Sungguh menarik menyimak
kembali editorial Koran Tempo (14/01). Secara garis besar, tulisan yang
bertajuk 'Aturan Keras Soal Rokok' itu merupakan suatu dukungan terhadap
pasal Nomor 109 Tahun 2012 yang sudah diratifikasi pemerintah, baru-baru
ini.
Kemunculan peraturan
pemerintah (PP) ini memiliki dua pengertian. Di satu sudut, PP ini adalah
penguatan Perda Anti Rokok seperti yang sudah berjalan di beberapa kota:
Kota Padang Panjang (Perda Nomor 8 Tahun 2009), Kota Palembang (Perda
Nomor 7 Tahun 2009), Kota Tangerang (Perda Nomor 5 Tahun 2010), Kota
Bogor (Perda Nomor 12 Tahun 2009), Kota Bandung (Perda Nomor 11 Tahun
2005), Kota Surabaya (Perda Nomor 5 Tahun 2008). Namun di sisi lain, bisa
pula bermakna untuk mengakhiri kontroversi rokok yang berkepanjangan.
Alasan mendasar yang jadi
pokok persoalan di sini sebenarnya cukuplah sederhana. Yaitu, menjauhkan
masyarakat dari bahaya merokok. Jika kita lihat fakta yang ada di
Indonesia memang cukup memprihatinkan. Dari tahun ke tahun kurva jumlah
perokok aktif semakin naik. Ironisnya lagi, para perokok pemula juga
semakin muda (di kisaran usia 10 tahun). Kini, dua dari tiga pria di
Indonesia adalah perokok pasif. Menurut Badan Kesehatan Dunia (WHO),
Indonesia berada di urutan ketiga setelah China dan India.
Padahal, dalam pengertian
dunia medis, rokok memang berpotensi merusak kesehatan tubuh seseorang.
Banyak sekali penyakit berbahaya yang ditimbulkan dari merokok. Misalnya,
kanker, serangan jantung, impotensi, gangguan kehamilan dan janin.
Tak heran, di kancah
internasional, kondisi Indonesia sering menuai kritik tajam.

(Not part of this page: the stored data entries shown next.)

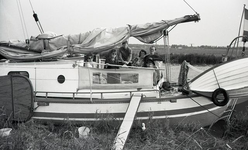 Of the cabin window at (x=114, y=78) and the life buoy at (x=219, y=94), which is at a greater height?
the cabin window at (x=114, y=78)

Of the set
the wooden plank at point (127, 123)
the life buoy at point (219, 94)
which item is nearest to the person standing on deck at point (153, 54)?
the wooden plank at point (127, 123)

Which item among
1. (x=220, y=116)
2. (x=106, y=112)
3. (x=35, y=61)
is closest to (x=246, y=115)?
(x=220, y=116)

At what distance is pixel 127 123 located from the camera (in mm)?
5969

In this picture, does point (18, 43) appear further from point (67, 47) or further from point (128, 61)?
point (128, 61)

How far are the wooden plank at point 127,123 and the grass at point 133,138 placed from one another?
0.17m

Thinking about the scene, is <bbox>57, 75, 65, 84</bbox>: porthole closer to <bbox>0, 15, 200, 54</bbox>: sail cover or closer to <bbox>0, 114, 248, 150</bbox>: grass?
<bbox>0, 15, 200, 54</bbox>: sail cover

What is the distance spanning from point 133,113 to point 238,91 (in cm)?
268

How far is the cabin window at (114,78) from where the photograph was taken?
7.05m

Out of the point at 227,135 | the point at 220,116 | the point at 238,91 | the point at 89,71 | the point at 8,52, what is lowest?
the point at 227,135

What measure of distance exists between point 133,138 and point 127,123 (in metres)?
0.64

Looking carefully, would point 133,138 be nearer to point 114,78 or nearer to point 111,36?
point 114,78

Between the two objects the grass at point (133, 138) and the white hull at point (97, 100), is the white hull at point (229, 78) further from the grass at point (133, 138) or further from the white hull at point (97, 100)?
the grass at point (133, 138)

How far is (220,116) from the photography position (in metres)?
7.16

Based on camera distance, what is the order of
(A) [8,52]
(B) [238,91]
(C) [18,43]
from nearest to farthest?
(B) [238,91] → (A) [8,52] → (C) [18,43] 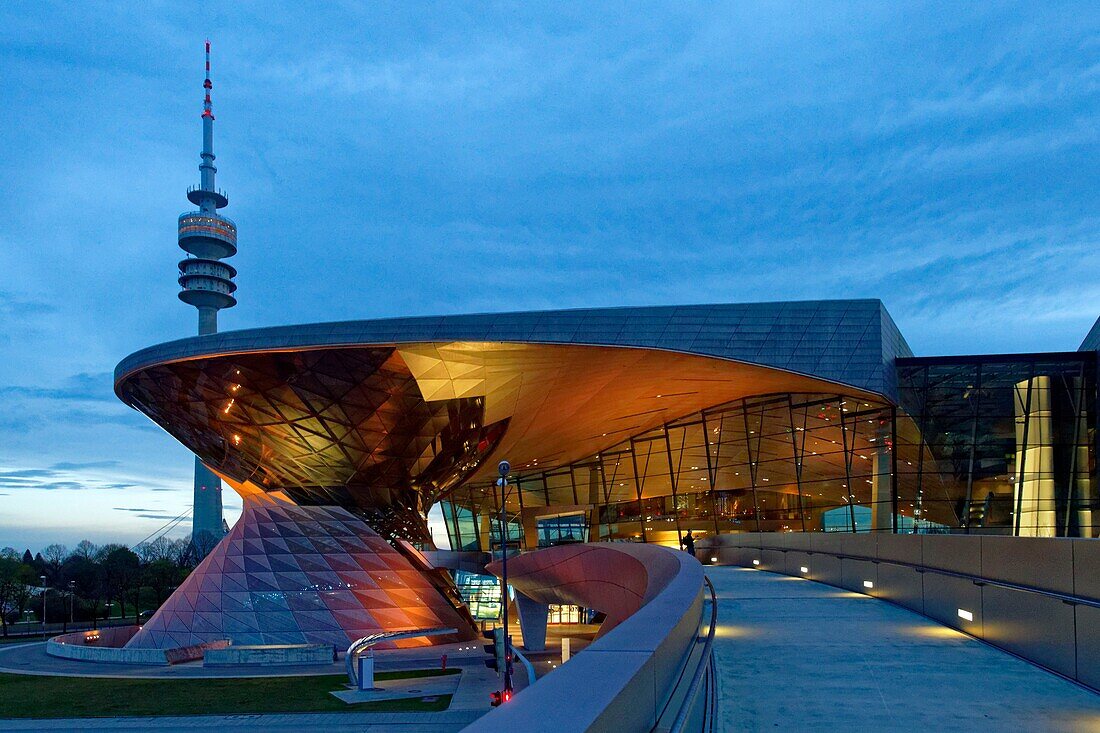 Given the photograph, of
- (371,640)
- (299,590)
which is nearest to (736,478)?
(371,640)

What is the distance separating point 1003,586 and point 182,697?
83.7ft

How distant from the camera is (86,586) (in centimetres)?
9488

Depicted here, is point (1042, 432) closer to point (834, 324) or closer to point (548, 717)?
point (834, 324)

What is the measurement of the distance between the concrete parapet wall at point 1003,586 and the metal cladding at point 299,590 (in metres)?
26.6

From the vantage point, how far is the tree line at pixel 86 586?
84.4 metres

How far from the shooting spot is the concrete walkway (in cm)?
600

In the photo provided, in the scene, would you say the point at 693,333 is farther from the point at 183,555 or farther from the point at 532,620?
the point at 183,555

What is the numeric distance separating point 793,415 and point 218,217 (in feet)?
402

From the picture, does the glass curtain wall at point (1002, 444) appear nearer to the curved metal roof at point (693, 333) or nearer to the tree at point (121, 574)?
the curved metal roof at point (693, 333)

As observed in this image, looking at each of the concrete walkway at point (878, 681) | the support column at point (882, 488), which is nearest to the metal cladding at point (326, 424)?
the support column at point (882, 488)

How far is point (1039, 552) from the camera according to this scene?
8406 mm

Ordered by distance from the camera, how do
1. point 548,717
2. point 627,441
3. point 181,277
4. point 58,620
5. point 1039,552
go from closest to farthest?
point 548,717 < point 1039,552 < point 627,441 < point 58,620 < point 181,277

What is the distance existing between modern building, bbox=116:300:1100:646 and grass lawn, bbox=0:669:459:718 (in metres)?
6.51

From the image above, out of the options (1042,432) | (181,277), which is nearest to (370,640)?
(1042,432) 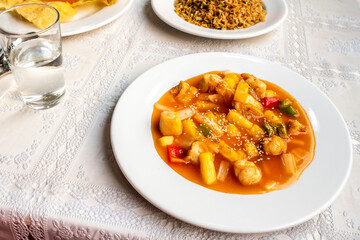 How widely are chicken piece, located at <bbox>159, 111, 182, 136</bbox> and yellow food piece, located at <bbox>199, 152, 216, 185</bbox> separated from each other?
0.45ft

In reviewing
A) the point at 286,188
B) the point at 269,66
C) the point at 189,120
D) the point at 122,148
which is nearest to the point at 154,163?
the point at 122,148

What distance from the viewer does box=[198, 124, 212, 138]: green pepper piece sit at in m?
1.15

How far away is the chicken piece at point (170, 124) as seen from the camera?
1.13m

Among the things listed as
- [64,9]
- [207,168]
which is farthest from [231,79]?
[64,9]

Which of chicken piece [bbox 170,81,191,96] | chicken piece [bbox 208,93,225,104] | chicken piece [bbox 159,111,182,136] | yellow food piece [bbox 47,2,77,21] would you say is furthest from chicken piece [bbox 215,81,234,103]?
yellow food piece [bbox 47,2,77,21]

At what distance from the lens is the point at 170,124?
1.12 metres

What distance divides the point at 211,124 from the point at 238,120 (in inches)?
4.1

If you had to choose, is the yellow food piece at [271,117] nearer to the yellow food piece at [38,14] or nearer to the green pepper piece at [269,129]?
the green pepper piece at [269,129]

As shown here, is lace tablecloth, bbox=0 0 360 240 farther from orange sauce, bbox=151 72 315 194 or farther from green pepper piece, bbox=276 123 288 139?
green pepper piece, bbox=276 123 288 139

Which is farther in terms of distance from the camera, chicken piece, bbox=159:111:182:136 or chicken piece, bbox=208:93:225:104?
chicken piece, bbox=208:93:225:104

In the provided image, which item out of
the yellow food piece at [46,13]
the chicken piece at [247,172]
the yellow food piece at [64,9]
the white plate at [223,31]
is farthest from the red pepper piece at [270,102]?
the yellow food piece at [64,9]

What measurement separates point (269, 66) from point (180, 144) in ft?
1.93

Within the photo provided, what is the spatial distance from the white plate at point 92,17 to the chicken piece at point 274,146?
3.41ft

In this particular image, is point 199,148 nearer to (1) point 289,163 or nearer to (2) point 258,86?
(1) point 289,163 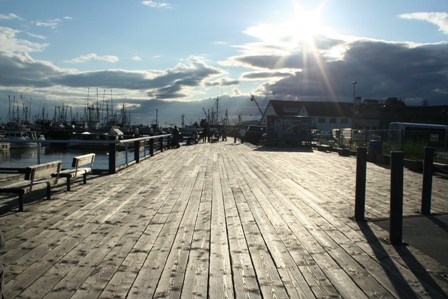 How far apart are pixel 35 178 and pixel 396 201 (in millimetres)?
5829

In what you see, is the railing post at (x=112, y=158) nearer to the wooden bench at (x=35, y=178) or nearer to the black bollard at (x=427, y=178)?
the wooden bench at (x=35, y=178)

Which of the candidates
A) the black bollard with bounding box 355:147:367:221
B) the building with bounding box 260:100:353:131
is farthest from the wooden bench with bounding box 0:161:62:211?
the building with bounding box 260:100:353:131

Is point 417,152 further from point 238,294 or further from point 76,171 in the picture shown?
point 238,294

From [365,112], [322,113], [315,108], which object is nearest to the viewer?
[365,112]

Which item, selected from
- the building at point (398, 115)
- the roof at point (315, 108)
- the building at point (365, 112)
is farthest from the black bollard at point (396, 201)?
the roof at point (315, 108)

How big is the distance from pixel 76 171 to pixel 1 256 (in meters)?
4.82

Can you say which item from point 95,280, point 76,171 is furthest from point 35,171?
point 95,280

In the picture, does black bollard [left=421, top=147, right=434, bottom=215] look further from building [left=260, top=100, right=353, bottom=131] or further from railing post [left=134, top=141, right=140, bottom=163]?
building [left=260, top=100, right=353, bottom=131]

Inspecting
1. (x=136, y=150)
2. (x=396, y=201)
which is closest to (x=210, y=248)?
(x=396, y=201)

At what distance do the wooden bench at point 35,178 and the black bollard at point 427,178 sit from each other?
21.1 feet

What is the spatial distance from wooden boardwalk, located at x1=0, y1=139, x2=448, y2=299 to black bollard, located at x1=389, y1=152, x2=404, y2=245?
7.6 inches

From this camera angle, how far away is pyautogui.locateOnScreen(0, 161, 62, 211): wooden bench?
6.74 metres

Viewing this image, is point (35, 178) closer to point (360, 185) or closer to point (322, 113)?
point (360, 185)

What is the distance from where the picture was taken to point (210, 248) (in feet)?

Indonesia
dianggap tertinggal jauh dengan negara-negara tetangga seperti Malaysia,
Thailand dan Singapura. Tidak pula lebih baik dari Australia yang sudah
menerapkan aturan ketat untuk peredaran rokok. Di sana, gambar dan
peringatan bahaya merokok menempati 75% dari bungkus rokok. Batas minimal
usia untuk mengkonsumsi rokok juga diatur secara ketat. Penjualan rokok
pun tidak dilakukan secara bebas (eceran).
Secara personal penulis
mengapresiasi itikad baik pemerintah dalam mengurangi pengguna rokok.
Walau bagaimanapun anak-anak memang harus dijauhkan dari rokok. Akan
tetapi, di sisi lain, persoalan yang kita hadapi di negara ini
sesungguhnya sangatlah kompleks. Dan, kita harus membuka mata lebar-lebar
untuk melihat semua permasalahan yang ada.
Kita harus mengakui bahwa
Indonesia memiliki segudang pengalaman dan kultur tentang rokok yang jauh
berbeda dengan Australia, Malaysia, Thailand dan Singapura - negara-negara
yang tengah kita jadikan rujukan. Karena itu, menurut hemat penulis,
ketidaksamaan langkah antara Indonesia dengan negara itu adalah wajar.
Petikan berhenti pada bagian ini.